- Born: 1 July 1872
- Died: 27 December 1936 (aged 64)
- Allegiance: United Kingdom
- Branch: British Indian Army
- Service years: 1891-1921
- Rank: Colonel
- Commands: 94th Russell's Infantry
- Conflicts: World War I Third Anglo-Afghan War
- Awards: Companion of the Order of the Indian Empire Commander of the Order of the British Empire Companion of the Distinguished Service Order

= Charles Fairlie Dobbs =

British Indian Army officer (1872–1936)

Colonel Charles Fairlie Dobbs CIE CBE DSO (1 July 1872 - 27 December 1936) was a British Indian Army officer.

Dobbs was the son of Colonel A. F. Dobbs, also of the Indian Army.
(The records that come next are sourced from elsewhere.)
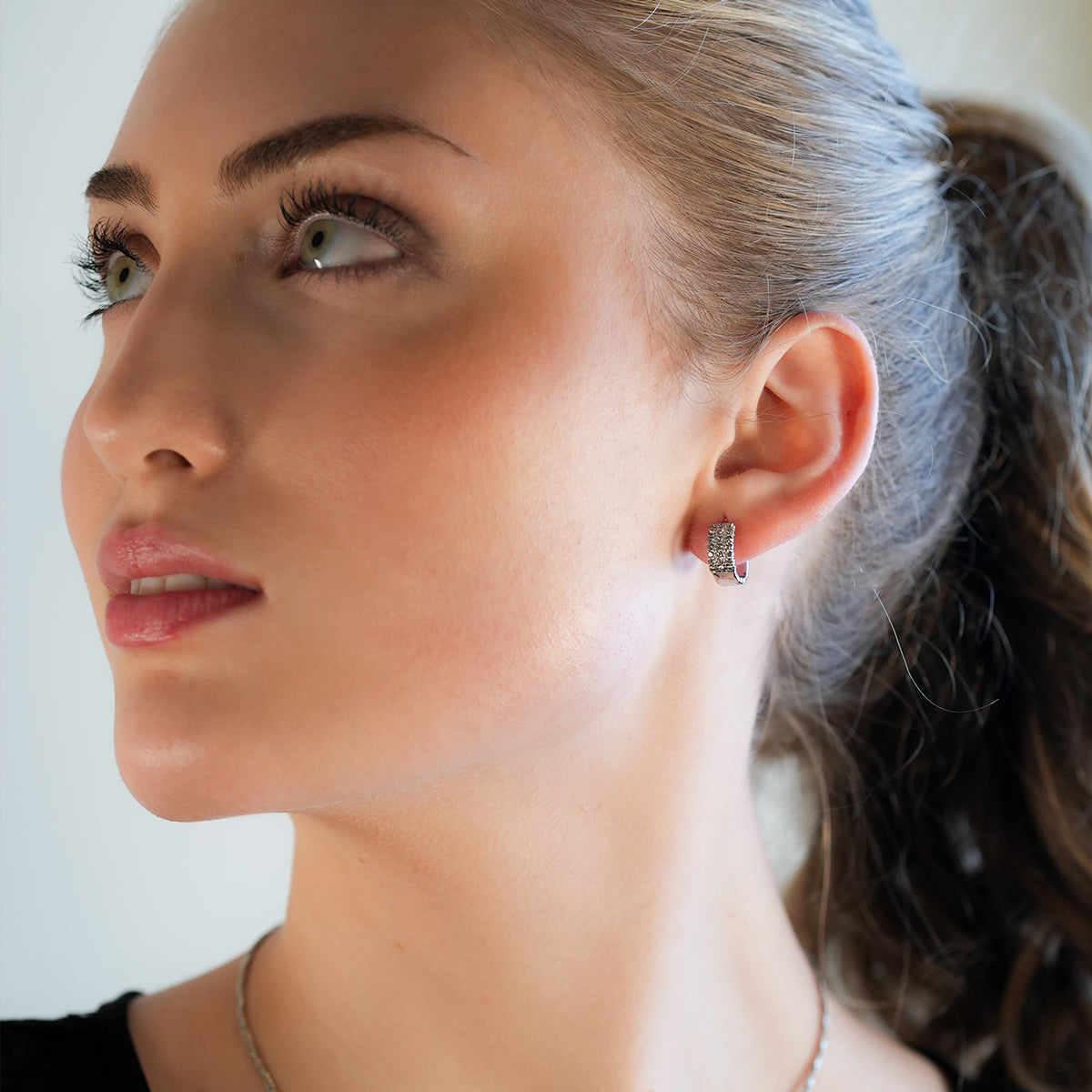 MARIETTA White Gold (Silver Toned): Mini Hoops with Pavé Zirconia Panel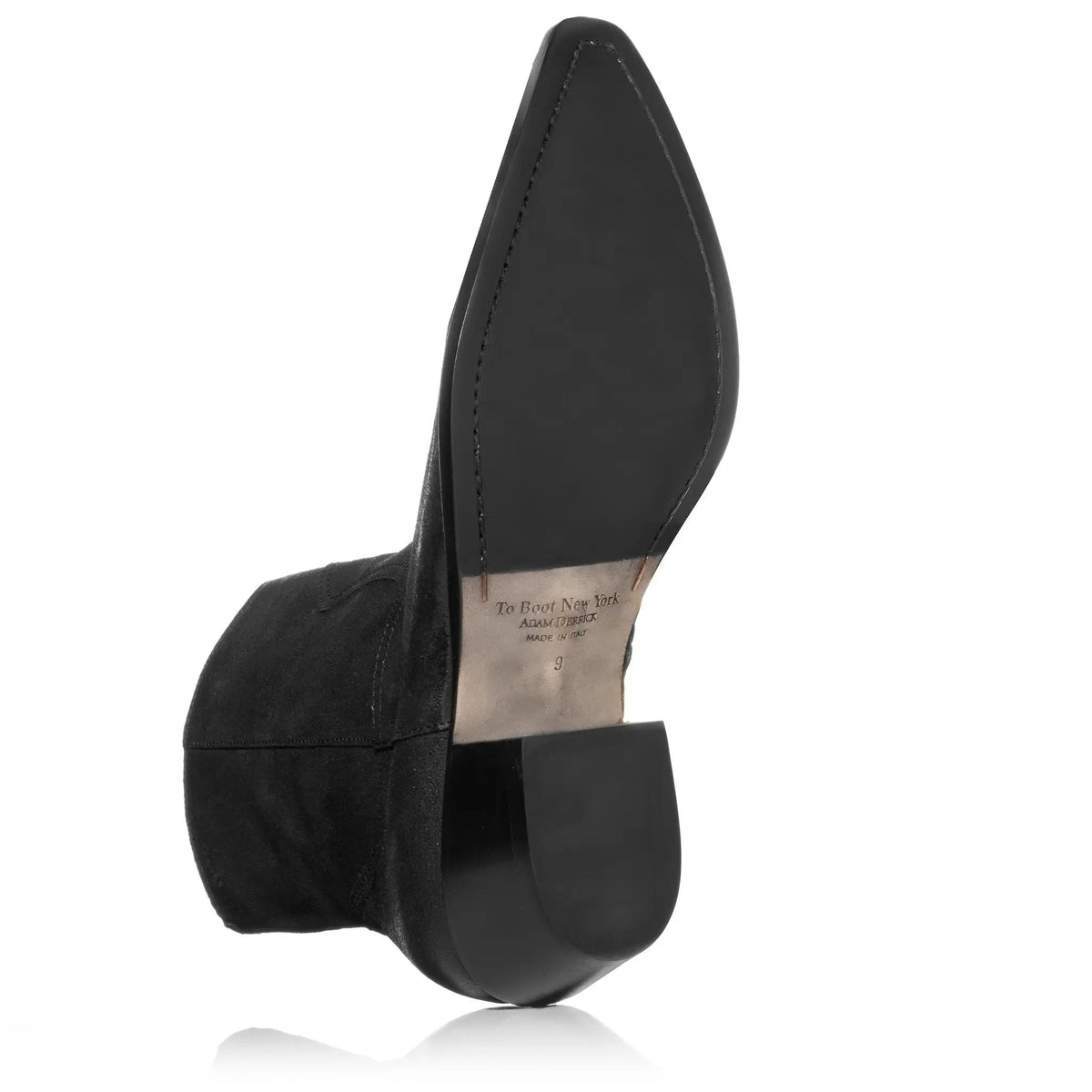 To Boot New York Atticus Black Suede Western Zip Boot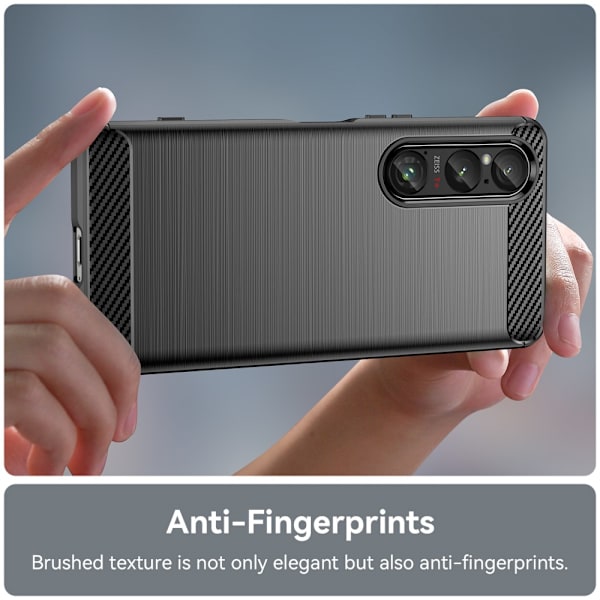 SKALO Sony Xperia 1 VI Armor Carbon Iskunkestävä TPU suojakuori - Valitse väri Black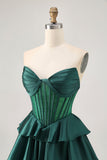 Sparkly Dark Green Tiered Short Corset Prom Dress with Beading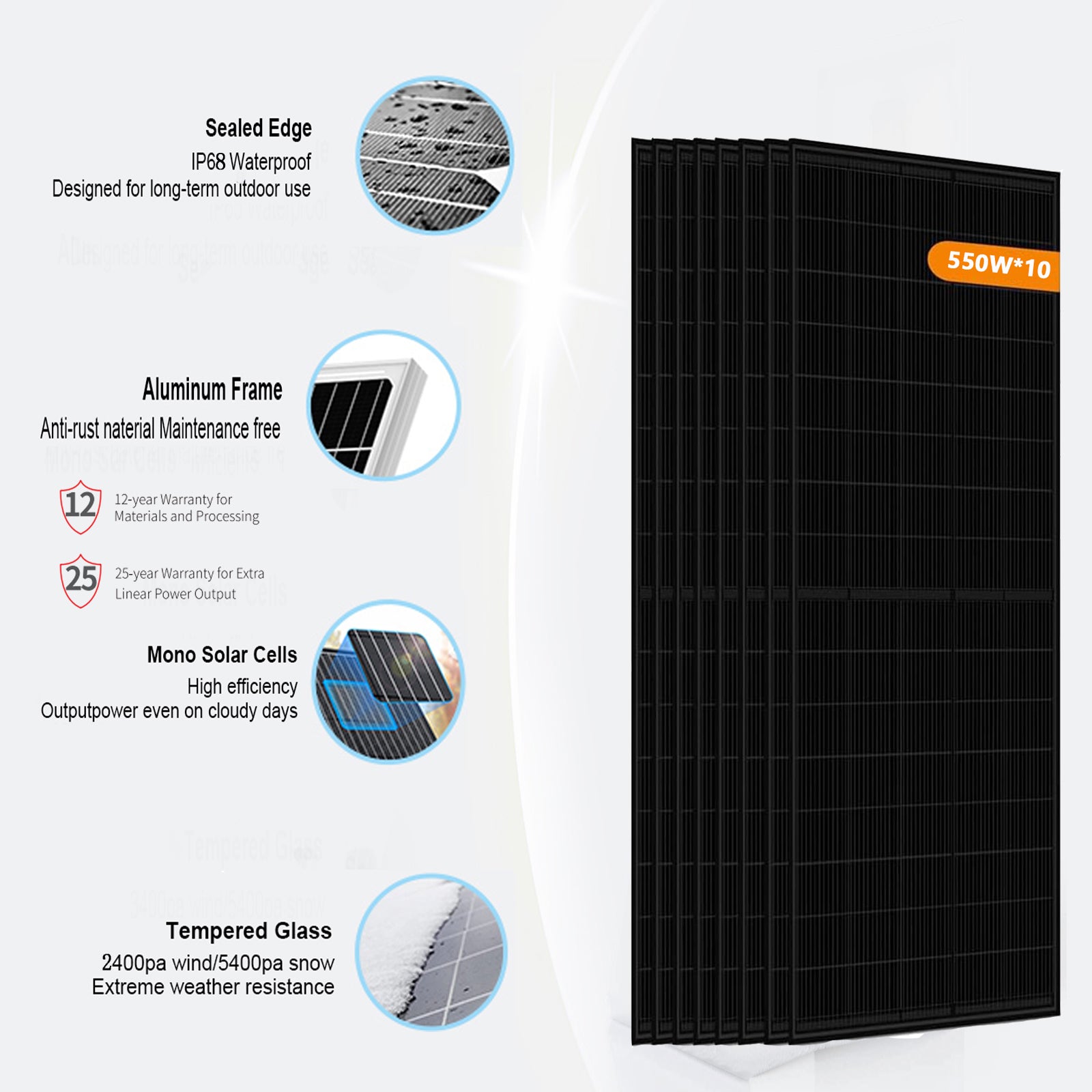 DDP-MX-Dawnice 9900w Off Sistema de Energía Solar de la Red Sistema Dos 20kWh Batería 18 Pcs Biferial 550w Paneles 10kW Solar Inversitor con Controlador Mppt 120/240vac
He was educated at Bedford School and then obtained a commission in a militia battalion, the 4th Battalion, Royal Irish Rifles, in January 1891. He resigned his commission in March 1891 to attend the Royal Military College, Sandhurst. He was commissioned second lieutenant into the Lancashire Fusiliers in June 1892. In October 1894 he transferred to the Indian Army and joined the 95th Russell's Infantry (later 94th Russell's Infantry). He was promoted captain in July 1901. He served in Aden from 1903 to 1904 and graduated from the Indian Staff College at Quetta in 1908. He was appointed brigade major in May 1909, promoted to major in June 1910, and from July 1911 to June 1913 served as a brigade staff officer.

During the First World War, Dobbs served in the East Africa Campaign as assistant quartermaster-general, for which he was mentioned in dispatches three times. He was promoted to temporary lieutenant-colonel in November 1915 and brevet lieutenant-colonel in January 1916. He was awarded the Distinguished Service Order (DSO) in January 1917 and the Russian Order of Saint Anna 3rd Class. He was promoted to substantive lieutenant-colonel in 1917, and then took command of his regiment until 1921. He served with the Bushire Field Force in Persia from 1918 to 1919, for which he was again mentioned in despatches and appointed Companion of the Order of the Indian Empire (CIE) in January 1920. He served in the Third Anglo-Afghan War in 1919, for which he was mentioned in despatches for the fifth time and appointed Commander of the Order of the British Empire (CBE) in August 1920. He served in Mesopotamia in 1920. In October 1919, he was given the temporary rank of brigadier-general. He retired with the rank of colonel in October 1921.

Dobbs married Margaret Eleanor Jopp. They had one son and two daughters.